LRU Cache Mechanism

LRU Cache Mechanism

Problem Description
The LRU (Least Recently Used) cache mechanism is a commonly used cache eviction policy. When the cache space is insufficient, it prioritizes evicting the data that has not been accessed for the longest time. Please design and implement a data structure that satisfies the LRU constraint. This structure needs to support the following two operations:

get(key): If the key key exists in the cache, return its corresponding value and mark this data entry as recently used; otherwise, return -1.
put(key, value): If the key key already exists, update its data value value and mark it as recently used; if it does not exist, insert this key-value pair into the cache. If the insertion operation causes the number of cache entries to exceed the capacity capacity, the least recently used data entry should be evicted.
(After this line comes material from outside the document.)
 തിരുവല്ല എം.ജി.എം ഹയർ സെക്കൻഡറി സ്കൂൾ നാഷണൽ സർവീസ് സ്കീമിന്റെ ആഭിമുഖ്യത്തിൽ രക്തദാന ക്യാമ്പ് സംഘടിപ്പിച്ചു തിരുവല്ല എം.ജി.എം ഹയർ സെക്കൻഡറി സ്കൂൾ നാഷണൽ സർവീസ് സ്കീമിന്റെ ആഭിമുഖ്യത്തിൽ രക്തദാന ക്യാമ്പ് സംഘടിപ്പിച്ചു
Analysis of Solution Approach
To implement an LRU cache, we need to solve two core problems:

Fast Lookup: Quickly find the corresponding value based on the key. A Hash Table can perform lookups in O(1) time.
Maintaining Access Order: Maintain the access time order of all data entries to quickly identify the least recently used entry. Linked lists can efficiently adjust node order, but deleting a node in a singly linked list requires traversing to find its predecessor. A Doubly Linked List supports O(1) time complexity node deletion (when the node pointer is known).

Therefore, we adopt a Hash Table + Doubly Linked List structure:

The hash table uses the key as its key to store a pointer to the corresponding linked list node.
The doubly linked list sorts nodes by access time: recently accessed nodes are near the head of the list, and the least recently accessed nodes are near the tail.

Implementation Steps

Define the Doubly Linked List Node
Each node contains four fields: key (for reverse mapping to the hash table), value (the stored data), prev (predecessor pointer), next (successor pointer).
Initialize the LRU Cache

Set the cache capacity capacity.
Create a dummy head node and a dummy tail node, and make them point to each other. This avoids boundary checks during actual node operations.
Initialize an empty hash table.

Implement the get Operation

Search for the key in the hash table:
- If it does not exist, return -1.
- If it exists, find the corresponding linked list node via the hash table, return its value, and move this node to the head of the list (marking it as recently used).

Implement the put Operation

Search for the key in the hash table:
- If it exists: Update the node's value and move this node to the head of the list.
- If it does not exist:
  - Create a new node, insert it at the head of the list, and store the key and node pointer in the hash table.
  - If the cache size exceeds capacity after insertion, then delete the node at the tail of the list (the least recently used) and remove its corresponding key from the hash table.

Helper Method: Move Node to Head

Remove the node from the linked list (by modifying the pointers of its neighboring nodes).
Insert this node right after the dummy head node.

Helper Method: Delete Tail Node

Find the node to be deleted via the predecessor pointer of the dummy tail node.
Remove this node from the list and delete its key from the hash table.

Key Points Explanation

Using dummy head and tail nodes simplifies linked list operations, avoiding special cases for empty lists or single-node lists.
When deleting a node in a doubly linked list, it is necessary to modify both the next pointer of its predecessor node and the prev pointer of its successor node.
Each time an existing node is accessed (via get or put), it must be moved to the head of the list to ensure the list order reflects the access time.

Complexity Analysis

Time Complexity: Both get and put operations are O(1).
Space Complexity: O(capacity), occupied by the hash table and the doubly linked list.

By combining the fast lookup of a hash table with the order maintenance of a doubly linked list, the LRU cache mechanism can efficiently satisfy both access order constraints and performance requirements.